I'm publishing random picks in another thread on this board and reporting the results, along with some benchmarks.
The initial post was just over a year ago, and I just
reported how the first year went for the first batch: Appreciated 30% vs S&P at about 20%.
I really don't expect that to be sustained, but it's nice that the first batch came in above the S&P 500.
That seems like you are executing approximately the procedure outlined in the book. But I've never been clear on what happens in all cases if the random selection contains a stock already in the portfolio. Say you have a set of stocks that you've held a year, and so need "replacing". The process I follow in the other thread is to pull the screen,
remove any stock currently held, including the ones to be replaced, then randomly select from the remaining stocks. This guarantees that everything gets sold after one year, nothing gets held longer. This would not guarantee that during the next cycle, previously held stocks would not get re-bought, but there would be a gap in owning that stock.
I haven't looked at the contents of the screened list as much as you have...I literally spend just an hour or so on it, every couple of months. But what I've noticed is that there seem to be "permanent members" in the screened set of stocks. So year after year, they never get bid up to a high enough price to get out of the screen. It would seem like those might be better to avoid.
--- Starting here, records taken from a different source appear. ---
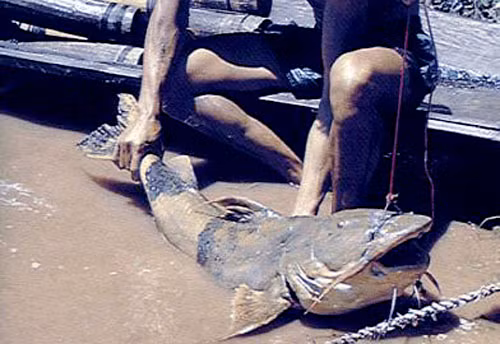 Việc săn cá Chiên cũng gặp khá nhiều rủi ro, có những thợ săn bỏ mạng vì chiến đấu với loài cá chúa tể. Đã có nhiều trường hợp chủ quan, ngư dân kéo lưới bị sẩy chân tụt xuống nước, cá chiên điên tiết lao vào đâm gãy xương ngực, khiến người đi câu chết ngay tại chỗ.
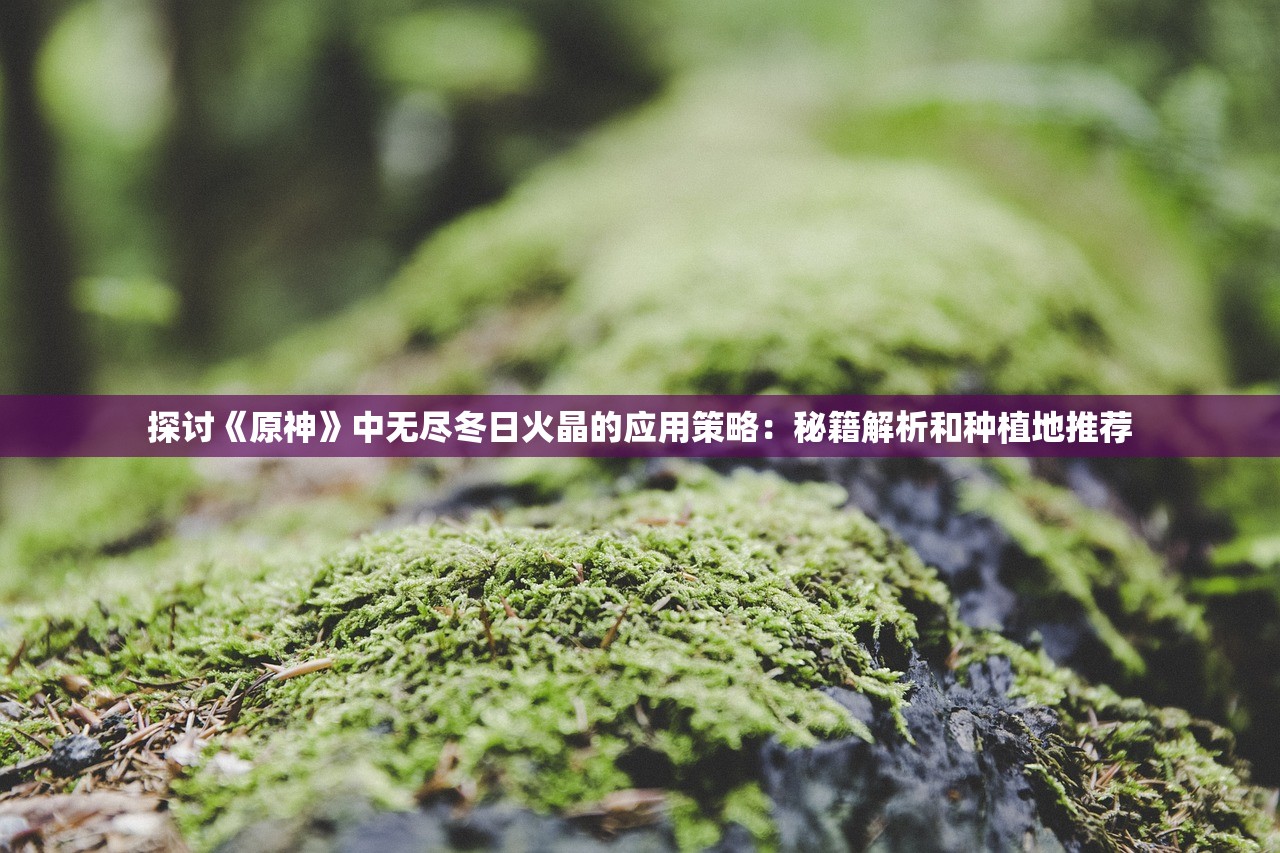 探讨《原神》中无尽冬日火晶的应用策略：秘籍解析和种植地推荐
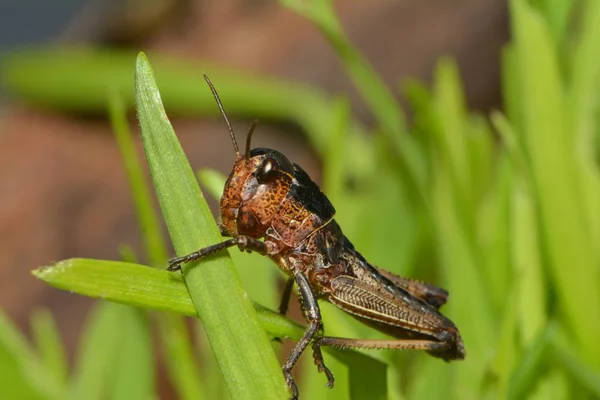 Kobylka Hmyz Bezobratlý Brouk — Stock fotografie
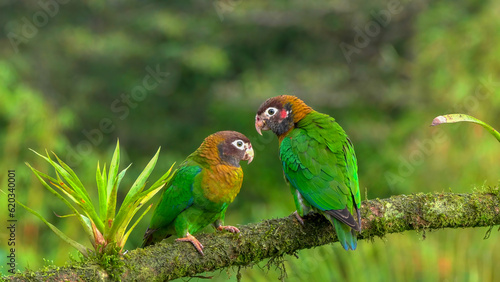 pair of brown-hooded parrot perched on a branch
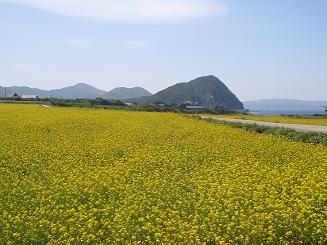 魚津ヶ崎.jpg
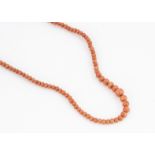 An early 20th Century graduated coral bead necklace, with 9ct gold barrel clasp marked Ciro, 35cm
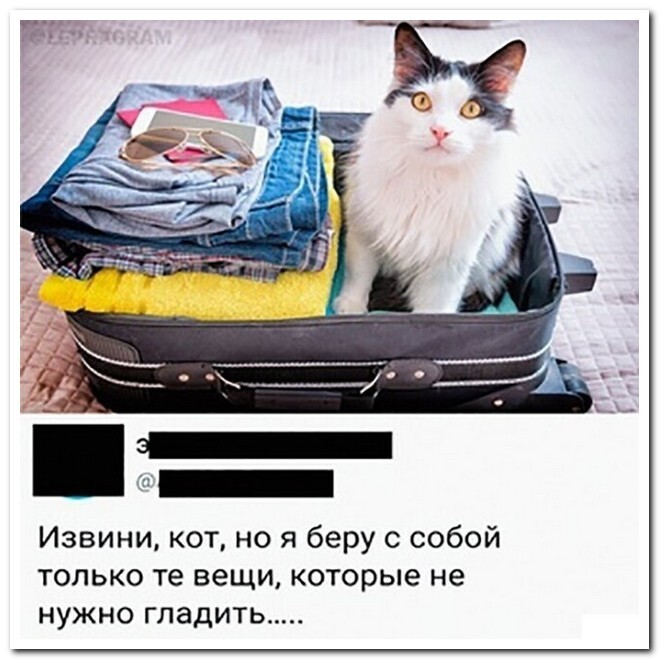 Новая порция смешных комментариев из соцсетей (19 фото)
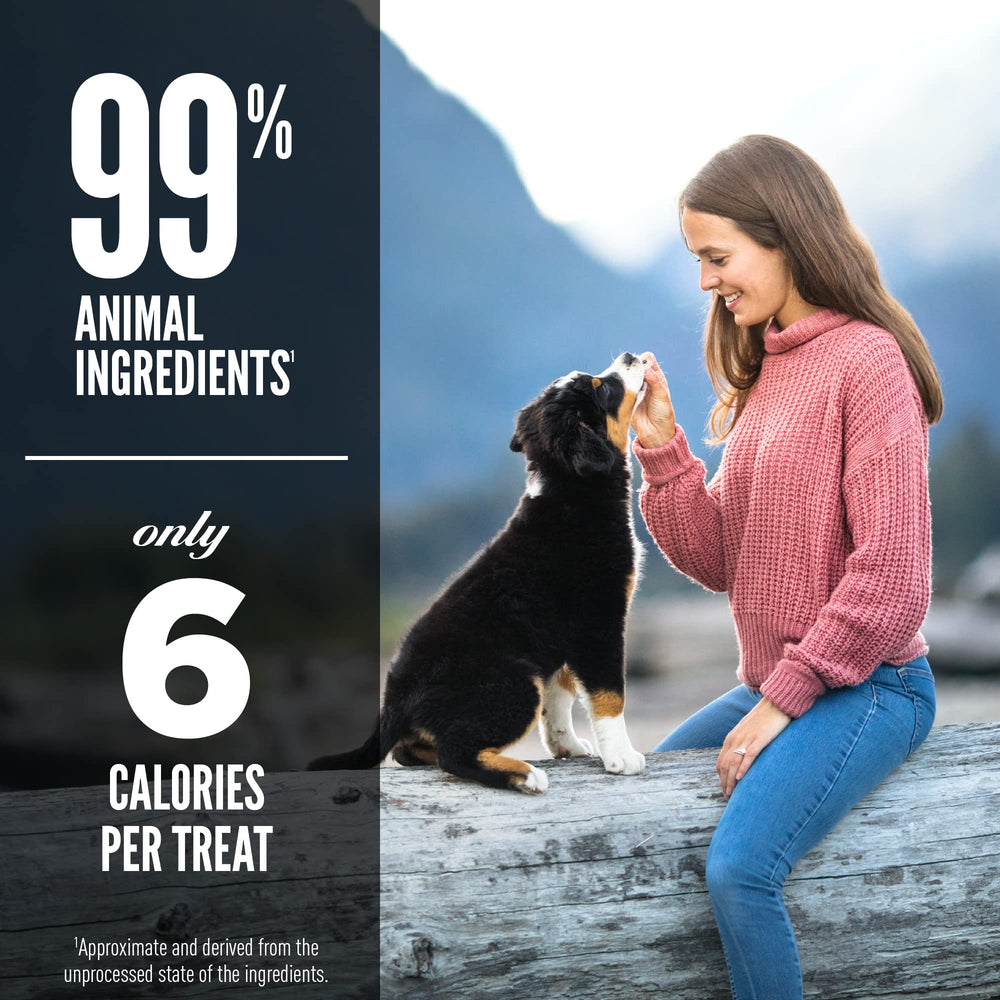 ORIJEN-USA made freeze-dried dog treats for adventures and reliable rewards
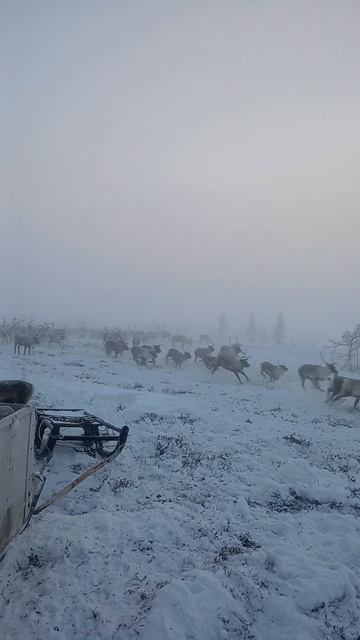 Ямал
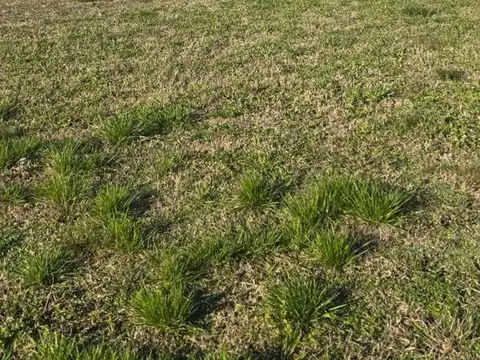Terreno en Venta de 2000,0 m2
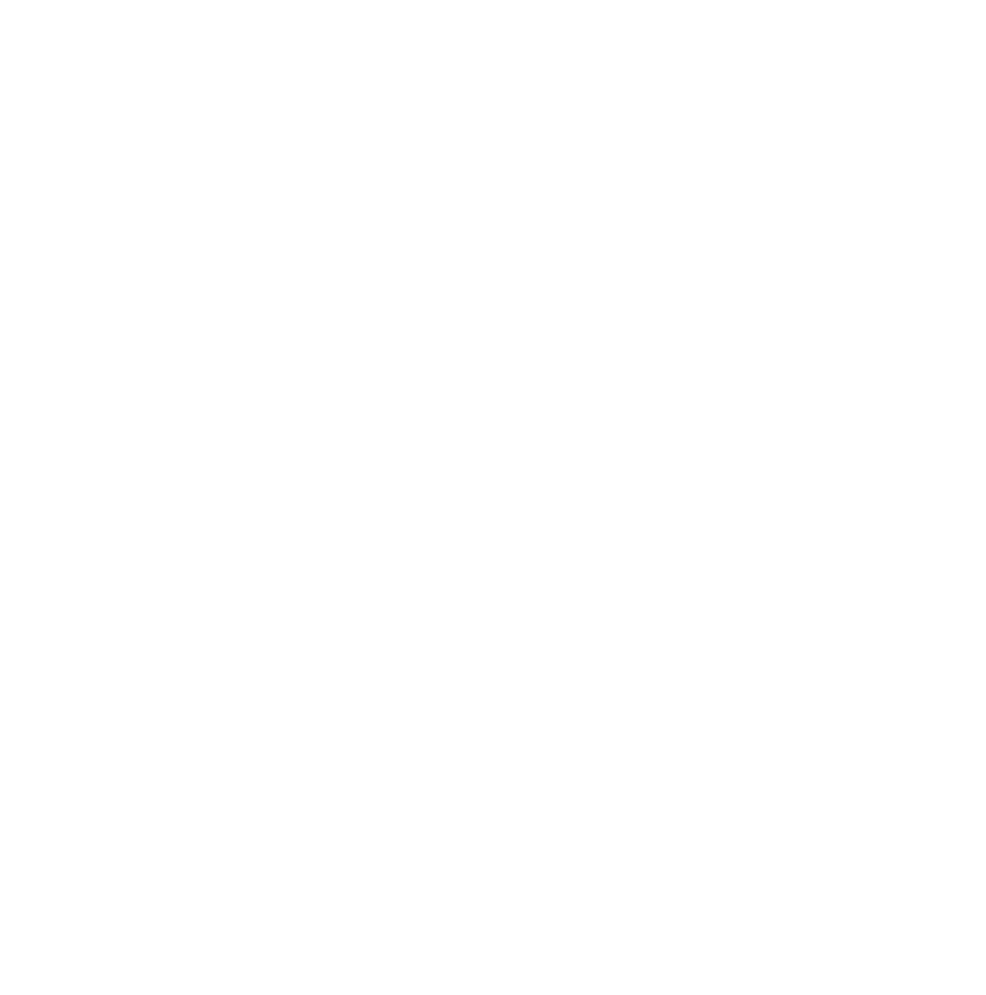 Logo Socemala blanc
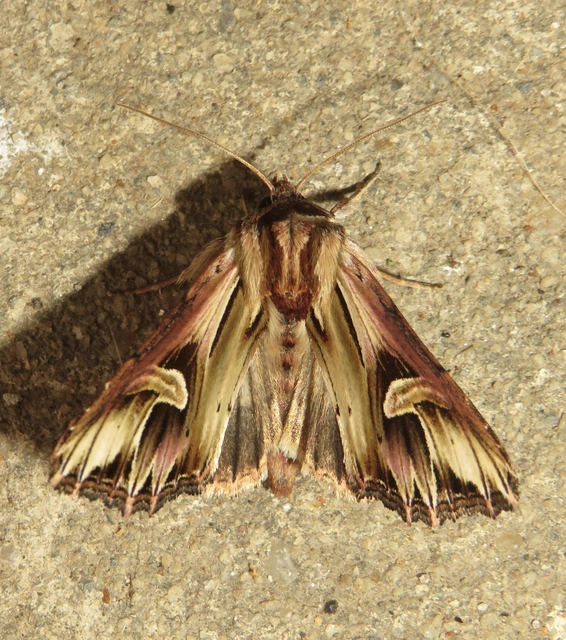 Actinotia polyodon - nagy sugarasbagoly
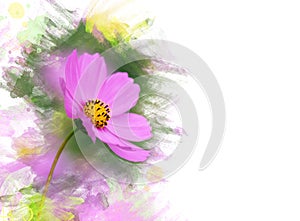 Cosmos flower.Watercolor effect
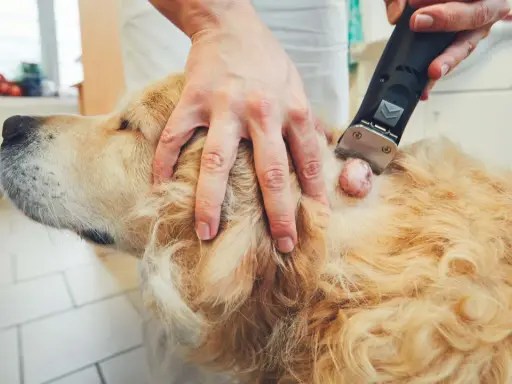 En veterinär rakar bort ett lipom på en golden retriever. Dessa lipom hund bilder visar en vanlig åkomma.
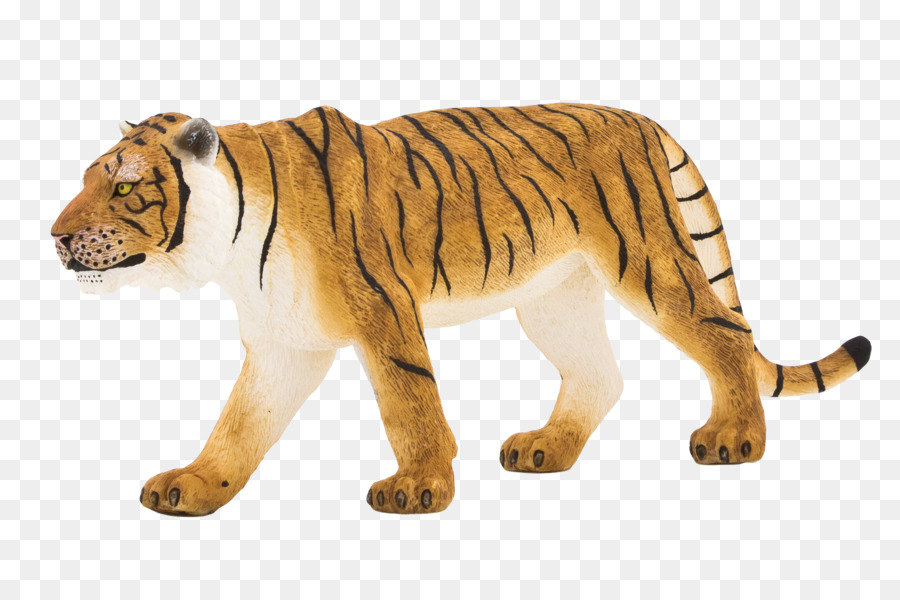 Tigre Branco，Tigre PNG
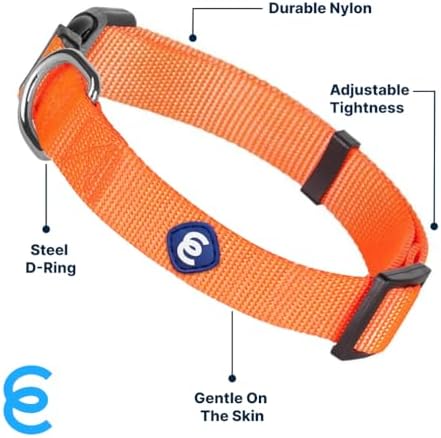 Blueberry Pet Essentials Florence Orange Adjustable Nylon Dog Collar for Small Dogs, Classic Solid Color Pet Safety & Style for Small Dogs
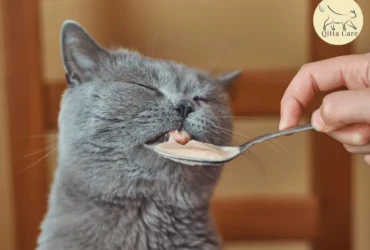 فقدان الشهية عند القطط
But of course you can't start doing that or you'd not be following the procedure in the book.
It sounds like you didn't build-up to 24 stocks over 12 months, rather you started with 24? In that other thread, you can see that every two months, I've got 5 random picks, so target a few more stocks than you: 30.
I wonder if you have been "unlucky", or if the method isn't going to pan-out for you, or both. Do you REALLY pick randomly (i.e. use the random function in the spreadsheet)?